The difference largely stems from their relationship with money. Whereas spenders see money as the means to immediate enjoyment of life, under-spenders often find greater pleasure in things that are either priceless or have no monetary value. This could include spending time with children and grandchildren, outdoor activities or creative pursuits. They just don’t need ‘stuff’.

Paradoxically, there is nothing worse for an under-spender than having no money. They want it, but they don’t want to spend it. They are often more concerned about financial security than spenders and see their store of wealth as protection for the future. Their anxiety about all the things that might go wrong drives their hoarding behaviour. The problem is, while they are preoccupied with preparing for their future (and, until death, there is always a future), the present slips by.

Under-spenders can cause financial stress in relationships with their partner and children, unless of course they also happen to be under-spenders. Put a big spender under the same roof as an under-spender and you probably have a fractious relationship. Money plays a huge part in relationships and is often one of the stressors that blows them apart. However, there are ways to get around the differences to preserve relationships.

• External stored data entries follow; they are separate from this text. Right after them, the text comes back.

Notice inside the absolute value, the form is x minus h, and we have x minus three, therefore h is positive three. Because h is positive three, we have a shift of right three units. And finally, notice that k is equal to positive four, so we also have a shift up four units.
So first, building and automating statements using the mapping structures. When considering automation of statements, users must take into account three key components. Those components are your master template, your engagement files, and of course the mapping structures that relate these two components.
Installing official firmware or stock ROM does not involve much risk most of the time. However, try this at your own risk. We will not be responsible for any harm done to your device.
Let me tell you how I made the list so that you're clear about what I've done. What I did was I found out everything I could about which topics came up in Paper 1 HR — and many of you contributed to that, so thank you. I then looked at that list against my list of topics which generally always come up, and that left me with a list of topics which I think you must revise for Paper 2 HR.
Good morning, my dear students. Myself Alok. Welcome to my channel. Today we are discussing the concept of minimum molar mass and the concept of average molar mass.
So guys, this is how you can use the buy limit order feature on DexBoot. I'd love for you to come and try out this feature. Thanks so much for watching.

First and foremost, there needs to be an acknowledgement that neither under-spending nor over-spending is necessarily wrong. They just have different consequences. Under-spenders may have more secure or more enjoyable futures but miss out on enjoyment in life in the present. Big spenders have a great time living it up in the present but face less financial security and potentially less enjoyment in the future. Somewhere in between there is a happy medium.

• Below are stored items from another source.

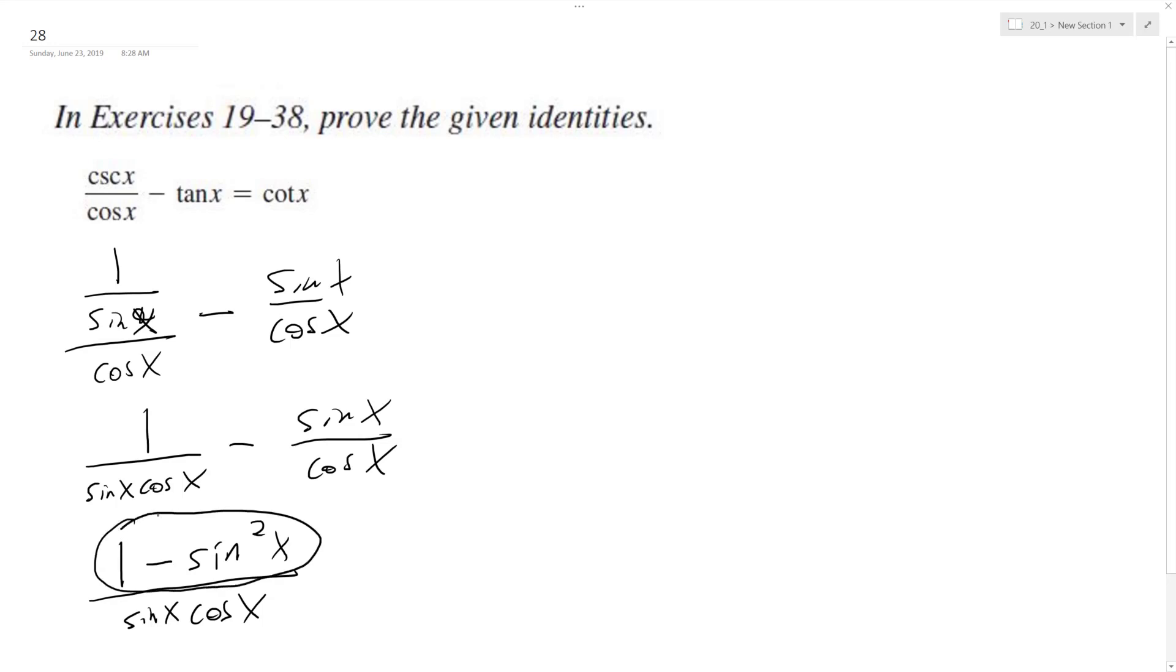So this can be rewritten as cosine squared x over sine x cosine x.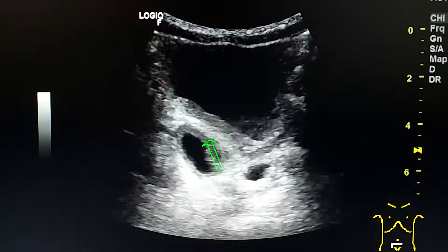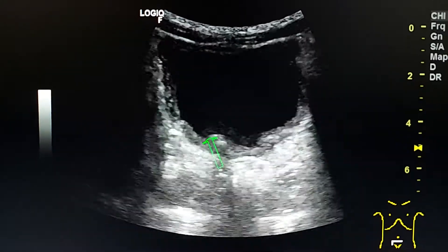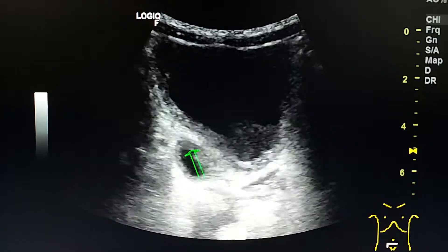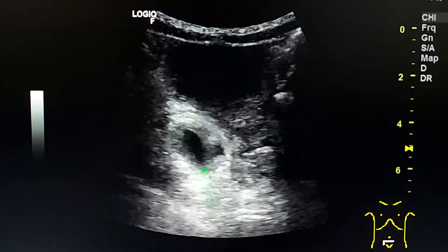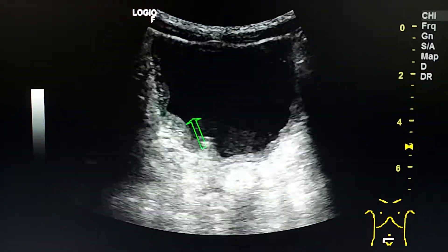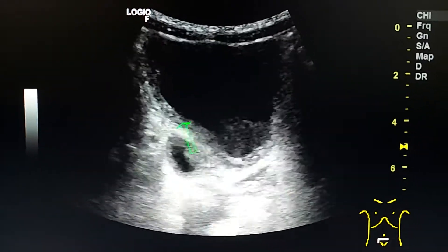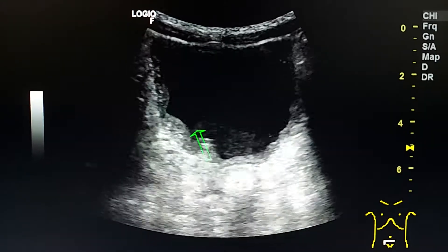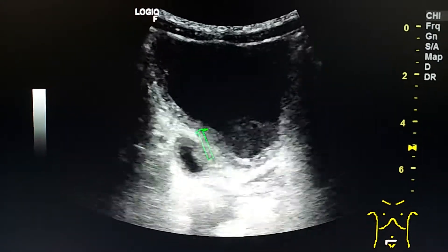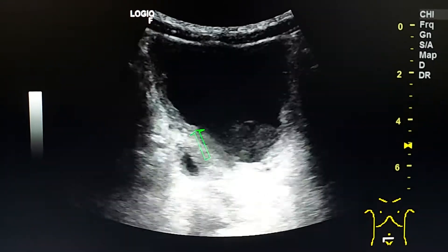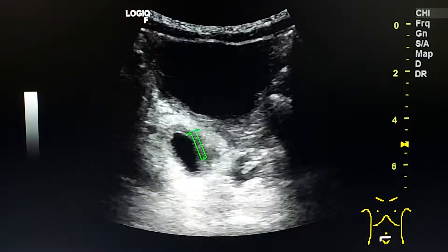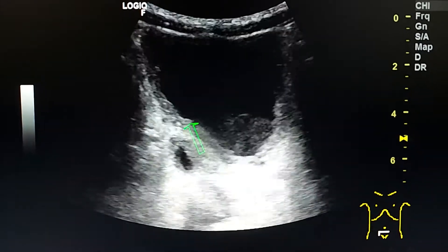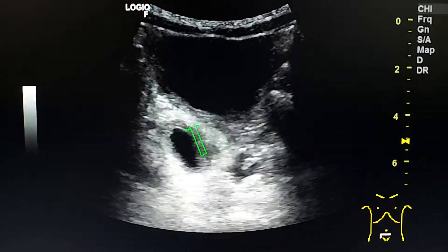It has the same wall — the wall is like the wall of the urinary bladder. It is a diverticulum from the posterior wall.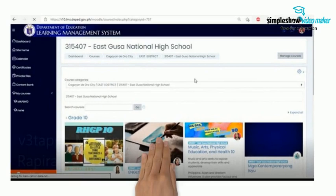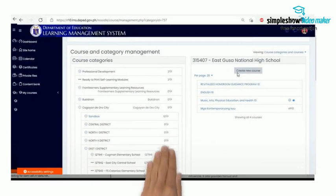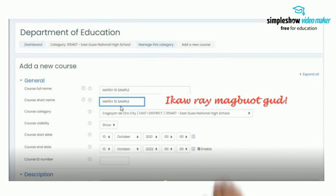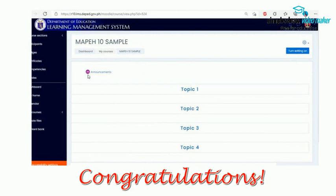This will bring you to your school page, where you will see all the courses offered in your own school. As a course creator, you can see the Manage Courses button at the upper right side of the page — click Create a Course. Input the course name, then the shortcut name, such as Music Arts Physical Education and Health 10, which is MAPEH 10. Then set up the opening and ending dates of your course. Upload the course image, then click Save. Congratulations! You are now ready to input the activities in the LMS course you created.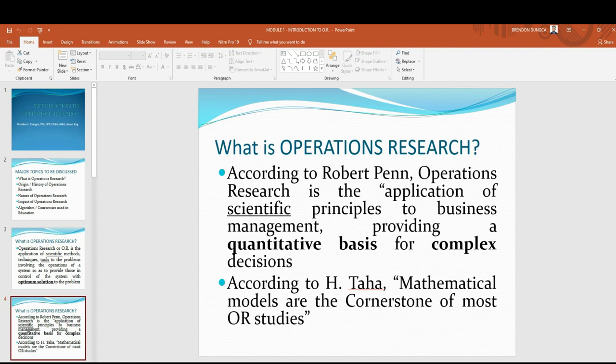According to Robert Penn, a management book author, operations research is the application of scientific principles to business management, providing a quantitative basis for complex decisions. When we say quantitative basis, it deals with numbers. And according to Hamdi Taha, also a management book author, mathematical models are the cornerstone of most OR studies.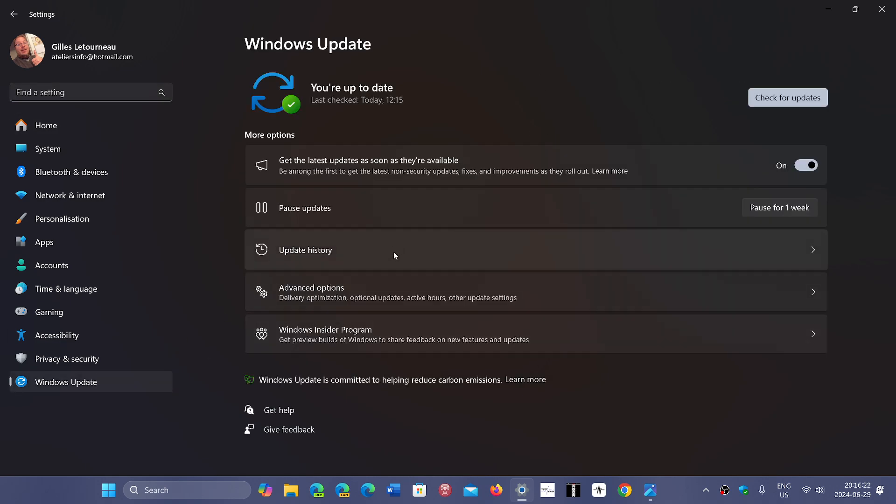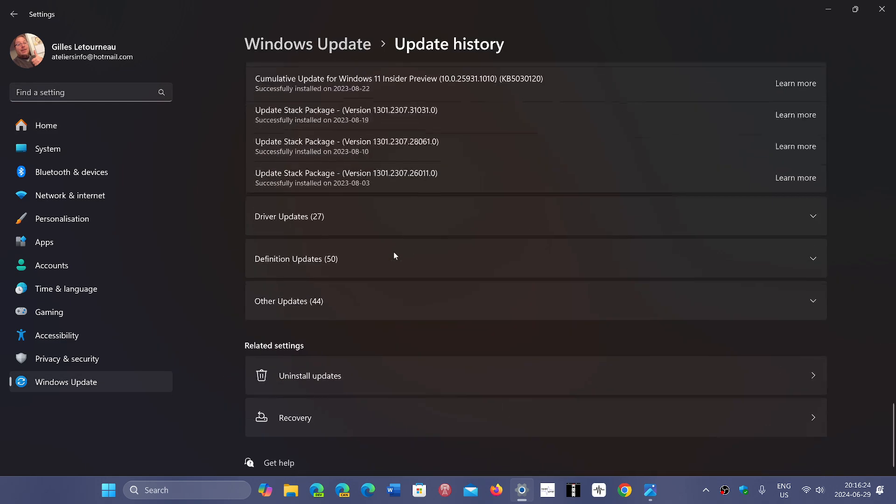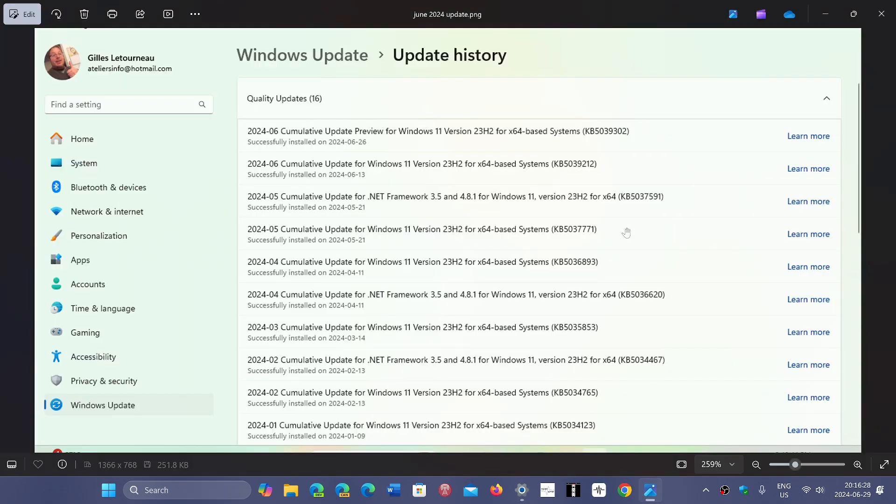Scroll down to Uninstall Updates, find the update KB5039302, and there you'll have the ability to remove it and restart your PC.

The key to getting under-spenders to loosen up a little is to address their need for security and the reasons for their anxiety about the future. Often these things are buried in childhood experiences or previous financial disasters that have coloured their thinking. Exploring these issues may help an under-spender better determine an appropriate level of hoarding that doesn’t deprive their other family members of the ability to enjoy life in the present.

Reaching retirement presents a whole new set of issues for under-spenders. People who have spent a lifetime hoarding an ever-increasing pile of money have great difficulty letting go of it. They will often do their best to live off the return on their money rather than running down the capital. That strategy simply does not work in a low return environment such as we have now, unless the pile of money is very large or the lifestyle being funded is very frugal.

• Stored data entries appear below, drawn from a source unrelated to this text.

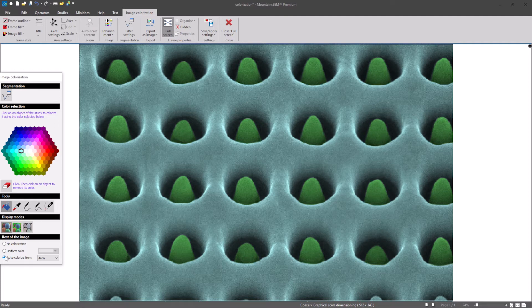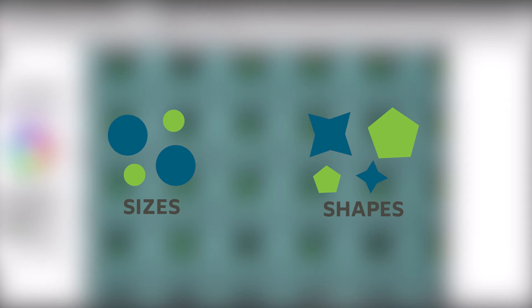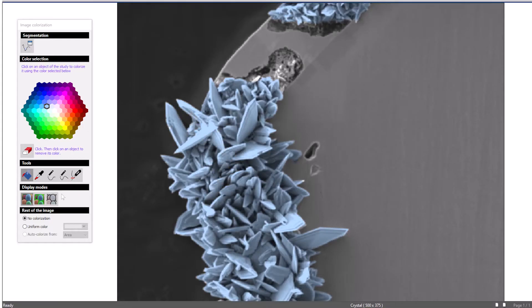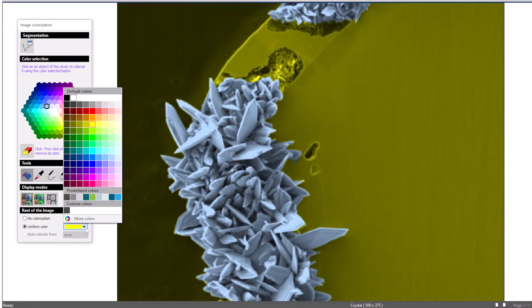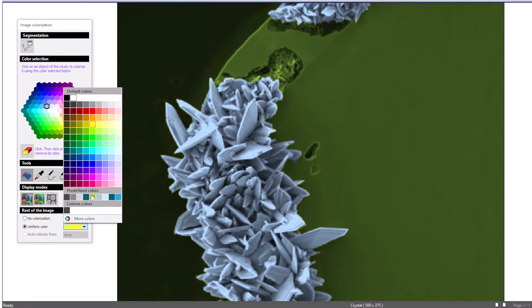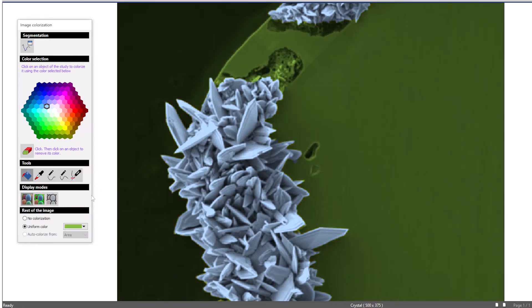The software is capable of colorizing the remaining objects in the image based on their size or shape. You can also choose a background color with which Mountains will colorize the rest of the image.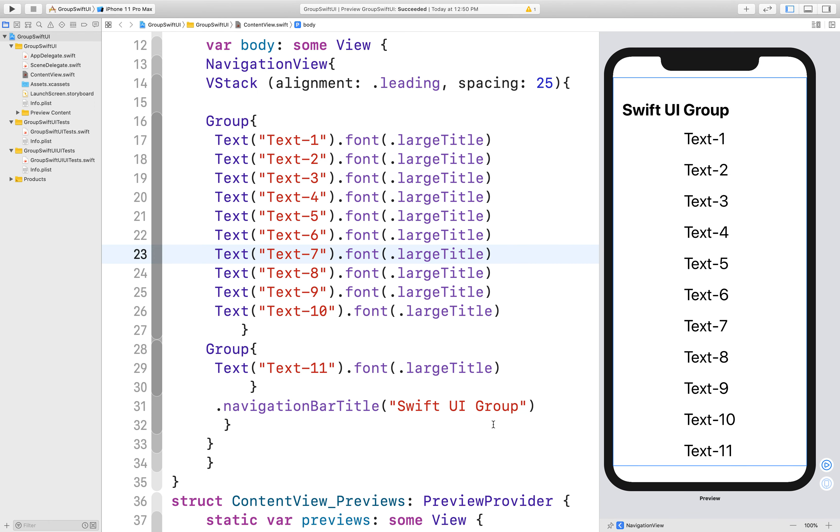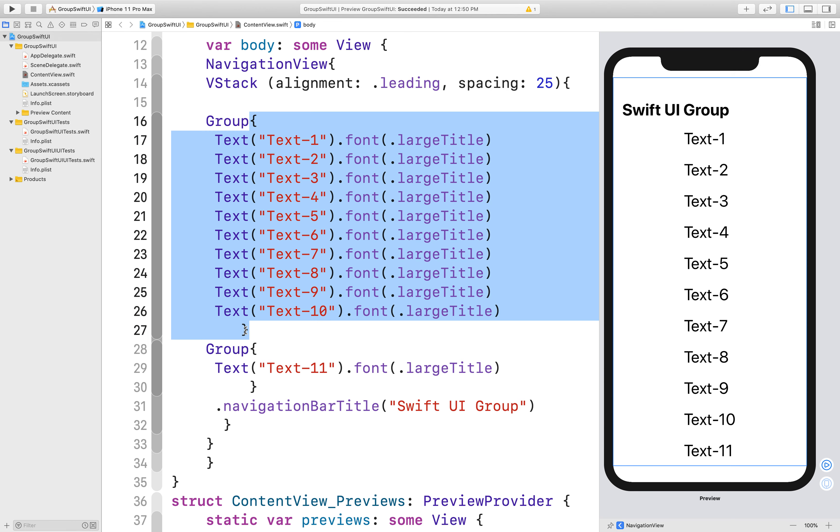So here I am going to tell you another scenario where we can use a group. Here you can see that there is a font view modifier that is applied to every text here. So if you want to apply the same modifier with multiple views, you have to apply that modifier onto a particular group like that.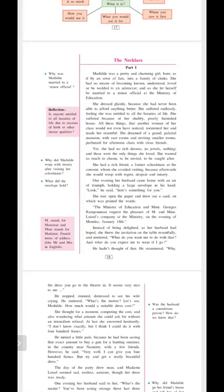She had a rich friend, a former schoolmate at the convent, whom she avoided visiting. Because afterwards she would weep, cry with regret, despair and misery. Regret, despair and misery are all words that describe disappointment and depression and sadness. When she went to her home and saw her home, then she came back to her own home and was only crying with grief and sorrow.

The biggest danger for an under-spender is allowing anxiety about the future to restrict their ability to enjoy a comfortable retirement. Of course, not all under-spenders are anxious. There are plenty who just enjoy living a simple life and there is nothing wrong with that. In the course of time, hoarded money will be spent by the beneficiaries of the under-spender’s estate. Under-spending in retirement is unfortunately relatively common. It is driven largely by uncertainty about longevity, financial returns and future expenses. There is a huge gap in the market for financial products, investment strategies and advice to help reduce these uncertainties and allow retirees to spend without fear.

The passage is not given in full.